Unnamed: 0,ID,"Account type ""Identified Anonymous Media""",Tweet Type,Tweet Type (2),Tweet Type (3),Date posted,Screenshot,Tweet ID,Tweet,Content type,Date
0,00-1,Identified,Reply,,,2021-12-26,00-1.png,1475113095395966976,"@_ultravioletred @jersonality If their ED was done by a CPP cadre, the educator would've been reprimanded for sure. Whoever that educator is, they're probably still thinking in the 90s. Wake up kas, RA/RJ split is not that relevant anymore, lol. Embrace your comrades like what Neri, Labog, and Zarate did.",Rational,2021-12-26 00:00:00
1,00-2,Identified,Reply,,,2021-12-28,00-2.png,1475699422982189056,@lukatmhe Colmenarez family ay part sa legal front ng NPA. At saka may first cousin si Angel Locsin na big time drug dealer ng shabu sa Cebu. Siya ay former Local Beauty Queen. Mismo si Neri Colmenarez naki usap sa mga police na wag galawin or itumba.,Rational,2021-12-28 00:00:00
2,00-3,Anonymous,Reply,,,2021-12-29,00-3.png,1476173017458016256,"@weirdnow1 @pnagovph yay 😂😂😂 kaya pa nmn mag pakamatay yang sina Elago,Zarate,Colmenares,Nato Reyes sa pakiki bakbakan.Tanggaaa yung mga nasapi sa NPA",Emotional,2021-12-29 00:00:00
3,00-4,Anonymous,Reply,,,2022-01-07,00-4.png,1479341371219902464,@ColmenaresPH Shut Up Colmenares NPA. SALOT KA  #Nerveagain,Emotional,2022-01-07 00:00:00
4,00-5,Anonymous,Reply,,,2022-01-08,00-5.png,1479580070922846208,AHAHAHAHA neri niyo NPA,Emotional,2022-01-08 00:00:00


In [104]:
# Create a counts dataframe
s_freqinc = df_daily['Date'].value_counts()
df_freqinc = s_freqinc.to_frame()
df_freqinc.columns = ['Frequency']
df_freqinc.head()

# Create range of dates
new_dates = pd.date_range(start='2021-12-25',end='2022-06-23',freq='D')

# Reindex the dates
df_freq = df_freqinc.reindex(new_dates).fillna(0)
df_freq['Frequency'] = df_freq['Frequency'].astype('int')
df_freq.head()

Unnamed: 0,Frequency
2021-12-25,0
2021-12-26,1
2021-12-27,0
2021-12-28,1
2021-12-29,1


In [107]:
df_datefreq = df_freq.copy()
df_datefreq['Date'] = df_datefreq.index
df_datefreq.reset_index(drop=True, inplace=True)
df_datefreq = df_datefreq[['Date', 'Frequency']]
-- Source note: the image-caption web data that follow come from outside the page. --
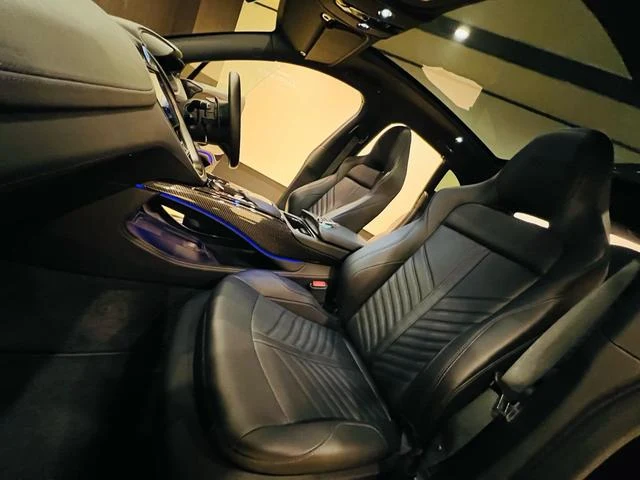 Aston Martin DBX 707 66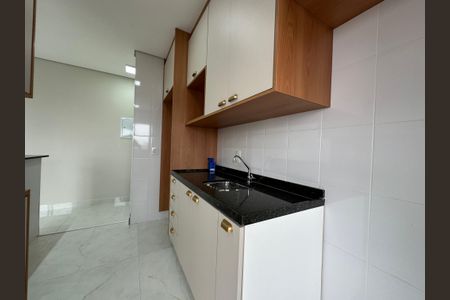 Apartamento para alugar com 56m², 2 quartos e 1 vaga Apartamento para alugar com 56m², 2 quartos e 1 vagaCozinha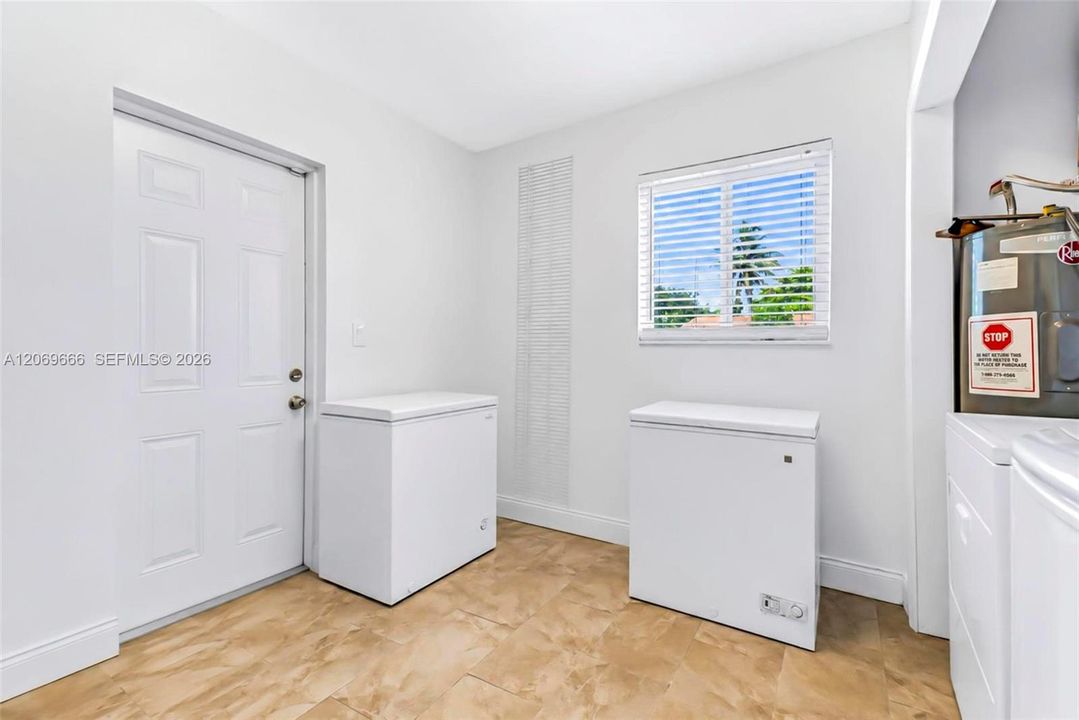 For Sale: $499,000 (4 beds, 2 baths, 1722 Square Feet)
df_freq.to_csv('cs132_datefreq.csv')
df_datefreq.head()

Unnamed: 0,Date,Frequency
0,2021-12-25,0
1,2021-12-26,1
2,2021-12-27,0
3,2021-12-28,1
4,2021-12-29,1


## Test 1: Before vs. After Elections
H0: There is no difference between the frequency of tweets before and after elections.

H1: The frequency of tweets significantly change before and after elections.

### Two-sample t-test
Here, we use a two-sample t-test to know whether the average of each period is significantly different to the other group. We follow through by computing the t-values of the data groups before and after the election date (9 May 2022) as described [here](https://www.statology.org/pandas-t-test/).

In [111]:
import pandas as pd
from scipy.stats import ttest_ind

# Create data groups
data_pre = df_datefreq[df_datefreq['Date'] < '2022-05-09']
data_post = df_datefreq[df_datefreq['Date'] > '2022-05-09']
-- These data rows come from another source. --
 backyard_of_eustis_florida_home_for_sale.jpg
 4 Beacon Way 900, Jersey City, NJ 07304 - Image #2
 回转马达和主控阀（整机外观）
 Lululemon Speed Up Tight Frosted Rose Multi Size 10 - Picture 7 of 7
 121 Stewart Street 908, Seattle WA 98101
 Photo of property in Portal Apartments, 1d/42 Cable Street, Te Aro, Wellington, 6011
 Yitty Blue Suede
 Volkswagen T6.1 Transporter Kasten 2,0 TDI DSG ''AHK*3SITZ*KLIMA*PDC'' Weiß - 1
# Perform independent two sample t-test
ttest_ind(data_pre['Frequency'], data_post['Frequency'])

Ttest_indResult(statistic=3.7858909942362833, pvalue=0.0002091868258127852)
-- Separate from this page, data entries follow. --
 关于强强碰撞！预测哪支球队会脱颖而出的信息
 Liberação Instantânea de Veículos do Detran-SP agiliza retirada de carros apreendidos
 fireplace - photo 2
As seen in the result, we have a t-test statistic of 3.7858909942362833 and a p-value of 0.0002091868258127852 which means we can reject the null hypothesis, leading us to the conclusion that **there is a significant difference between the average frequency of tweets before and after elections**.